What makes Scott's singing exceptional is "his patience and depth with a lyric," Barkan says. "You have to create the right kind of setting, so he can do his thing with maximum effectiveness. He sings "ih-maj-in-ay-shun' and makes one word a five-syllable experience. Not every musician can support that with the maximum amount of sensitivity and creativity. You don't just play the chords. There has to be real telepathy between the musicians and Jimmy to make that music come out with the greatest impact. And it's still gotta swing, no matter how slow it is or how patient it is."

The seasoned Jimmy Scott of Mood Indigo isn't the same as the precocious, youthful Little Jimmy Scott of the Gayten or Hampton sessions. Pianist-arranger Willie Smith, for one, thinks Scott's power has diminished.

"He's kind of lost his voice a little bit from age, you know," Smith says.

Barkan sees it differently.

"Jimmy has replaced certain qualities of his voice with others," he says. "He doesn't sound as youthful or ingenuous as he once did, but I think that has been replaced with depth and power. He has more emotional power than he's ever had, and that, to me, is the whole ball game. It's touching your listeners' hearts through your music."

Scott agrees that music should not only provoke thought, it should nurture and move the listener.

"Singing is a form of speech, so hey, you utilize dramatics of expressing a thought in the song," he says. "If I want to say it sweet, or if I want it to mean something important, I have time to give a vocal expression that makes it sweet, that makes it understandable. Everything in a song is not sweet, but it helps to sweeten the pot. There you go. It's just the timing and being able to express it like you want it to be heard."

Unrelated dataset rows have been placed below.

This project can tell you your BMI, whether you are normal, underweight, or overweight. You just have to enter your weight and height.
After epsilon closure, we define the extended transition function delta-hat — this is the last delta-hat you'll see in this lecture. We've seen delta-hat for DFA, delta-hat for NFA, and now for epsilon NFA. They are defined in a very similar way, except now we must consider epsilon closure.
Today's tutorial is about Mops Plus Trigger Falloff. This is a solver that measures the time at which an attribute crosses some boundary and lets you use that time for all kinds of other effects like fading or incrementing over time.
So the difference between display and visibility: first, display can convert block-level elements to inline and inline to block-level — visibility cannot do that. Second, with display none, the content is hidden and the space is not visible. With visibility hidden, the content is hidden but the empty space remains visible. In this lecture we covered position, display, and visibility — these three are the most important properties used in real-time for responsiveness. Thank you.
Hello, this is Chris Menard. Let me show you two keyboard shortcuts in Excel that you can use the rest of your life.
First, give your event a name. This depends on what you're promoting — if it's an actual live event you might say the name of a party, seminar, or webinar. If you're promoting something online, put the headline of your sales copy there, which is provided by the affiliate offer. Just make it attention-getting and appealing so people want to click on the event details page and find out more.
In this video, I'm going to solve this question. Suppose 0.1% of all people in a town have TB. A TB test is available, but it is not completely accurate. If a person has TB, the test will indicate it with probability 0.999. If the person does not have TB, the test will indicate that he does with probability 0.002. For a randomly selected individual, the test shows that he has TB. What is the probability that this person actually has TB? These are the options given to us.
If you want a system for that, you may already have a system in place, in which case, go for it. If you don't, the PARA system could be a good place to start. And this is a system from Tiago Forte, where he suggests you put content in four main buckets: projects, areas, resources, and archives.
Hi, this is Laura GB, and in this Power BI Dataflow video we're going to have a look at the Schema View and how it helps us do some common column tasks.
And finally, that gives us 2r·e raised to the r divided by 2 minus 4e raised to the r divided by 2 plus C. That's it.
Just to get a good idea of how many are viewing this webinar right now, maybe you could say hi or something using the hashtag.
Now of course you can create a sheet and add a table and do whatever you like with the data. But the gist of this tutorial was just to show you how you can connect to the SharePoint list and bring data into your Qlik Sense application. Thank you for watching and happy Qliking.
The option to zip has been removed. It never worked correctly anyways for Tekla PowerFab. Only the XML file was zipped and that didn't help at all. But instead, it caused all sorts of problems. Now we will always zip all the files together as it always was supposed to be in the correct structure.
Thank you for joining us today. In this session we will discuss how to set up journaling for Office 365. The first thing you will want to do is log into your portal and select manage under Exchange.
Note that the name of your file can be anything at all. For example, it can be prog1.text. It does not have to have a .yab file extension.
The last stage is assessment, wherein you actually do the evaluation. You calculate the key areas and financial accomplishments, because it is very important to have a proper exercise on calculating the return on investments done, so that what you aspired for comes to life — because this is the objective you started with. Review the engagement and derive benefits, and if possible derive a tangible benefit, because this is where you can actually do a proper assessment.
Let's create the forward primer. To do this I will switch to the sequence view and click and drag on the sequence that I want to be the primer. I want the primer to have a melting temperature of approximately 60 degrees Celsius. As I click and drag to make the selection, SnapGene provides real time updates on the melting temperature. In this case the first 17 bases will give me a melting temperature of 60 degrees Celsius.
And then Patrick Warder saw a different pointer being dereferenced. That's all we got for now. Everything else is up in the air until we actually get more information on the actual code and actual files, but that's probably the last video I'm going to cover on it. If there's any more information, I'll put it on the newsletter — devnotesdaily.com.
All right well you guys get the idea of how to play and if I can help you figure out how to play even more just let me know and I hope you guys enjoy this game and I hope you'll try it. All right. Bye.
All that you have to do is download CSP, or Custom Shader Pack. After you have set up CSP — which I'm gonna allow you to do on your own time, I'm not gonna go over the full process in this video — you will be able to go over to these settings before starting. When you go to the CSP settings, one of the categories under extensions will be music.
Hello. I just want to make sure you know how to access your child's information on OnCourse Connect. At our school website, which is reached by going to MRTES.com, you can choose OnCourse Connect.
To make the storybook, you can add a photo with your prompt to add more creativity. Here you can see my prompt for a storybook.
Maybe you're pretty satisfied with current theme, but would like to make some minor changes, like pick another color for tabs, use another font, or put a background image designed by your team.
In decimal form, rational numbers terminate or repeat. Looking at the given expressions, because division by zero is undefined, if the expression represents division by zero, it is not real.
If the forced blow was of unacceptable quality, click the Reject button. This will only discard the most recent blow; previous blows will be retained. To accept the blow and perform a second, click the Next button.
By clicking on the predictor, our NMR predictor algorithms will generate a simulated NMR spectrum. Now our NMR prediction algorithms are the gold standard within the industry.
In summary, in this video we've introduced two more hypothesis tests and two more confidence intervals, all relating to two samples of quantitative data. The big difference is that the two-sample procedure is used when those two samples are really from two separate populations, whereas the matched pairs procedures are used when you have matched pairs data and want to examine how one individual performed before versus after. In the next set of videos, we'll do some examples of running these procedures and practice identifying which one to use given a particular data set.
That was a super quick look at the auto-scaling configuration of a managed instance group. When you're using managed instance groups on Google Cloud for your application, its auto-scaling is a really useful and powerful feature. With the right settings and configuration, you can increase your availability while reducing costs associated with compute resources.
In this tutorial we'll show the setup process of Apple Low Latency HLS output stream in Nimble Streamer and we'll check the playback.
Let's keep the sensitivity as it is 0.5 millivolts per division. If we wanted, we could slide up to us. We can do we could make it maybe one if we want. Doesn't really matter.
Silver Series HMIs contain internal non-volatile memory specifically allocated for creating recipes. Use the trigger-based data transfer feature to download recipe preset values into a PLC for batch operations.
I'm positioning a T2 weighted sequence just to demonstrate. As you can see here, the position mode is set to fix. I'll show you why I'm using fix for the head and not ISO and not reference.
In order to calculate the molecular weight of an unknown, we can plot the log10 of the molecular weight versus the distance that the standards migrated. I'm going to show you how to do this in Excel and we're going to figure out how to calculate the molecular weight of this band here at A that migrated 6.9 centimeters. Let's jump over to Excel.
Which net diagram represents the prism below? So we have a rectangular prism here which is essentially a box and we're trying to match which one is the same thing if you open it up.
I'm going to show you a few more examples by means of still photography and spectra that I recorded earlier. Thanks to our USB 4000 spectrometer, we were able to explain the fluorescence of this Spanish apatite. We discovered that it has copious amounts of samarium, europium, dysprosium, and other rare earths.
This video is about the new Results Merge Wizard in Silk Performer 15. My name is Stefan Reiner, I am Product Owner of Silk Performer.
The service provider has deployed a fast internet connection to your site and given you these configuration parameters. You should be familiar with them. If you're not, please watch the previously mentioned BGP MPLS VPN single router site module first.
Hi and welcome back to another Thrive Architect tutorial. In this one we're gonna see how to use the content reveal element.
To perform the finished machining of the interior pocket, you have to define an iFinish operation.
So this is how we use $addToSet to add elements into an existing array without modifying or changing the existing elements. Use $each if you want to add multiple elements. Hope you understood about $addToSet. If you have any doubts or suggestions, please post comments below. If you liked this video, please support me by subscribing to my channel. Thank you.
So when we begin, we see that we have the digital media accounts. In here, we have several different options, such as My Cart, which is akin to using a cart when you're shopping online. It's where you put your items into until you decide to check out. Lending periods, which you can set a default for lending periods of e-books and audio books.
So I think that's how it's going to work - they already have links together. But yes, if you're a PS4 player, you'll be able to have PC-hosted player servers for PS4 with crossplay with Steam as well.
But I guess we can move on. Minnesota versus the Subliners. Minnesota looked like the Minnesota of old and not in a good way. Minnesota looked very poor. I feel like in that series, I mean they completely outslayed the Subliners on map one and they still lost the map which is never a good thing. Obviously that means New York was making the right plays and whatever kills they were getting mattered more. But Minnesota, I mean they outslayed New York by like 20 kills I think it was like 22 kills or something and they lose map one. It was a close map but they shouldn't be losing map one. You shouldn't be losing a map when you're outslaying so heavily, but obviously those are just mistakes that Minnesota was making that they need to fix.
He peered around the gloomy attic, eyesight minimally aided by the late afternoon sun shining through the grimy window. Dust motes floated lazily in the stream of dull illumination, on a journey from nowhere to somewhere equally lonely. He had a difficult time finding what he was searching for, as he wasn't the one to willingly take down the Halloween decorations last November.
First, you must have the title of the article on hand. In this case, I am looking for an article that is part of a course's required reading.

For Jimmy Scott, life has not always been sweet. But as he turns 75 -- looking forward to a Lionel Hampton tribute concert in New York in August and to the Japanese tour in the fall -- he finds he still has plenty to say.

As for the music business, "I would like to encourage the better side," Scott says. "The fun is there, yes. And to those who are serious about creating music, the opportunity is there, with the proper support."

He may not always have gotten the support he needed, but it looks as if he's getting it now.